BEGIN Source records

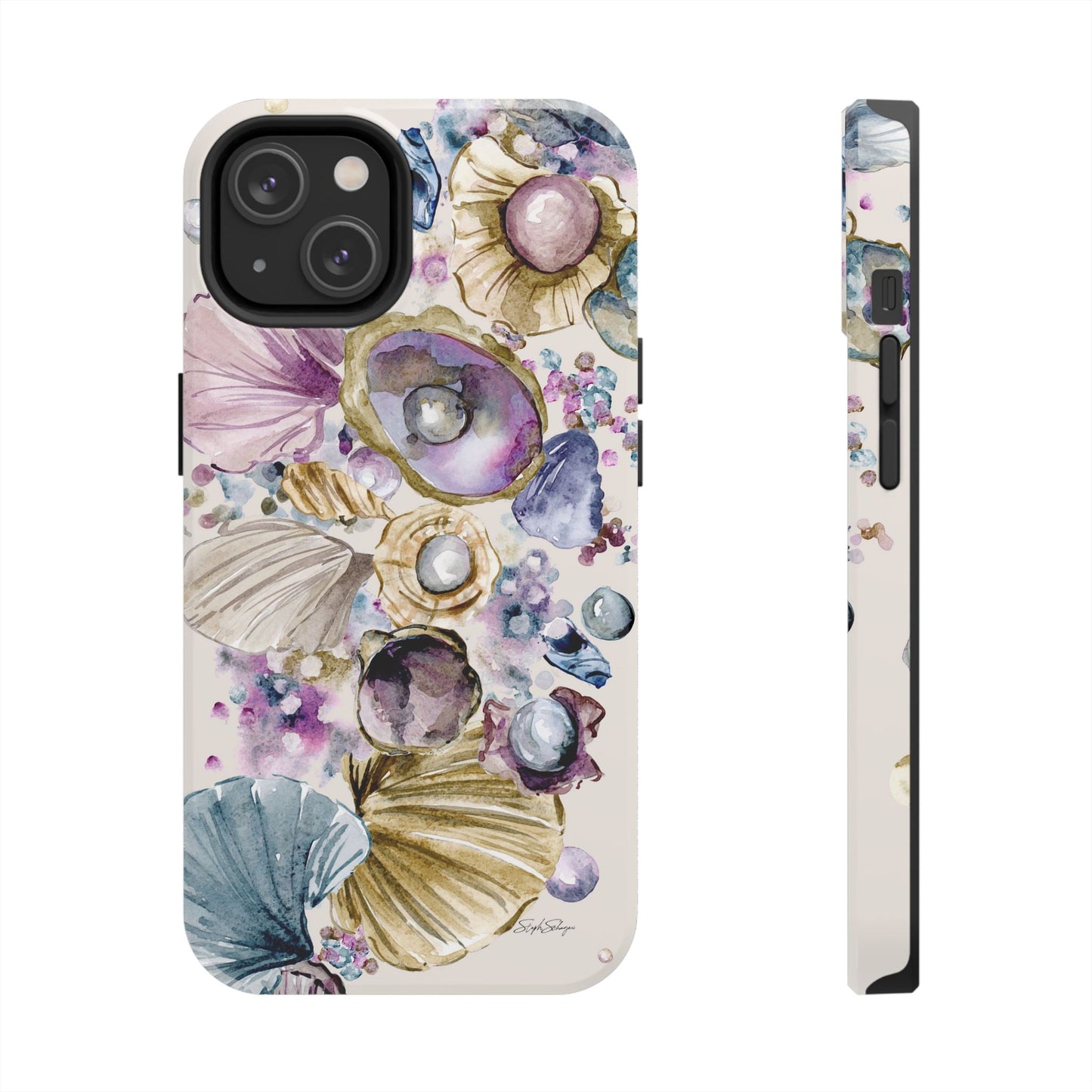 Opulent Shells Phone Case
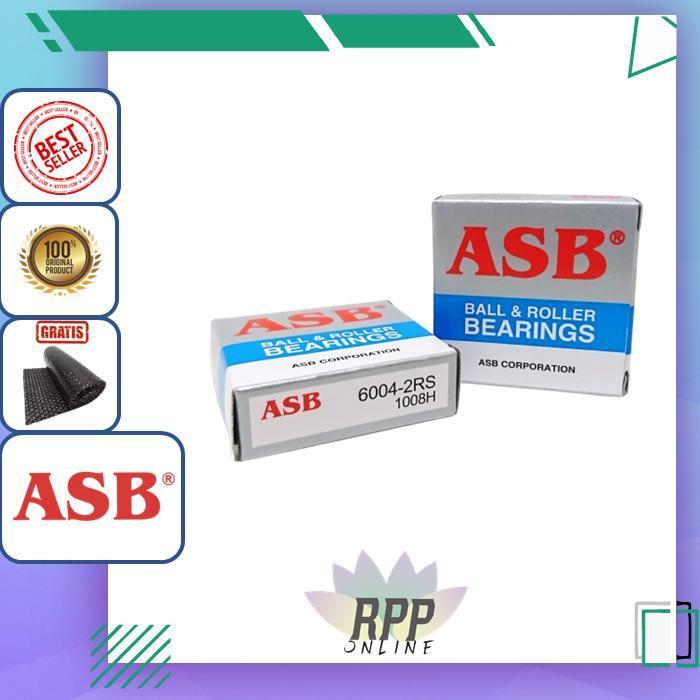 BEARING 6004 2RS ASB / LAHER / LAKER 6004 2RS ASB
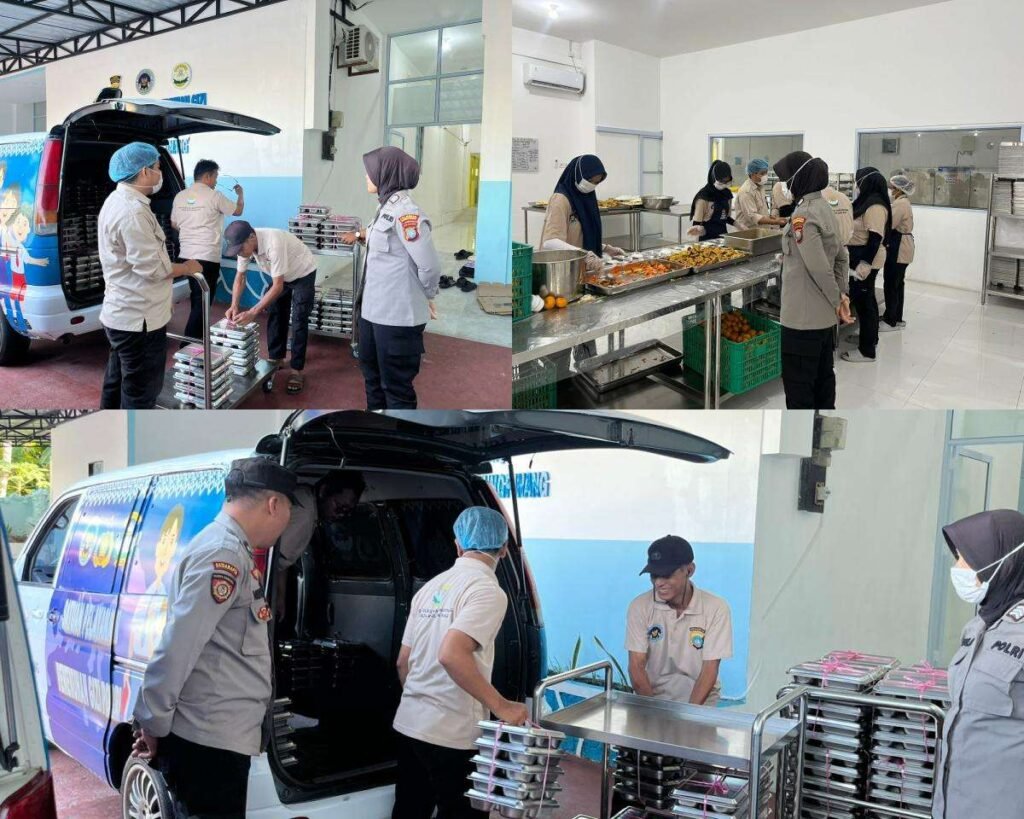 Polresta Tanjungpinang Laksanakan Pengawasan dan Pengecekan Program MBG di Dapur SPPG*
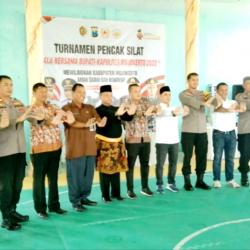 Lestarikan Warisan Leluhur, Gus Barra Buka Turnamen Pencak Silat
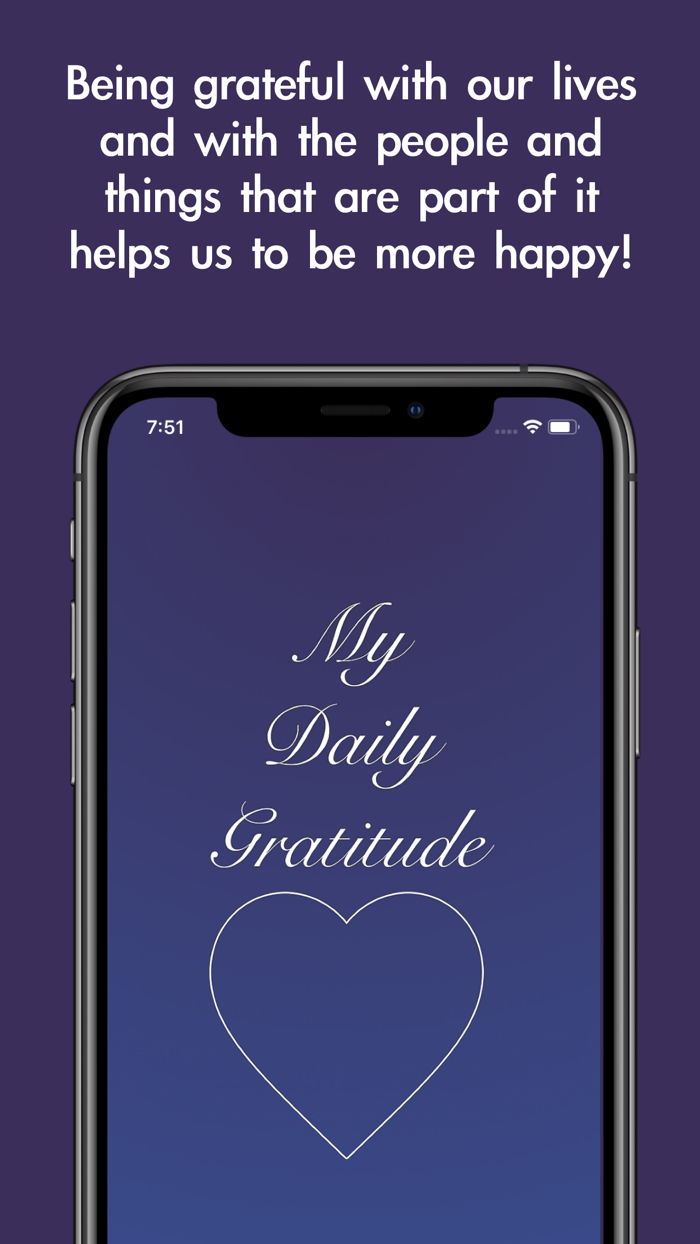 My Daily Gratitude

END Source records

> **What the exercise asks**
Nothing but the lines from the one holding "Polresta Tanjungpinang Laksanakan" through the last line of the listing should appear in the answer, copied exactly and without pictures.

> **Answer space**
 Polresta Tanjungpinang Laksanakan Pengawasan dan Pengecekan Program MBG di Dapur SPPG*
 Lestarikan Warisan Leluhur, Gus Barra Buka Turnamen Pencak Silat
 My Daily Gratitude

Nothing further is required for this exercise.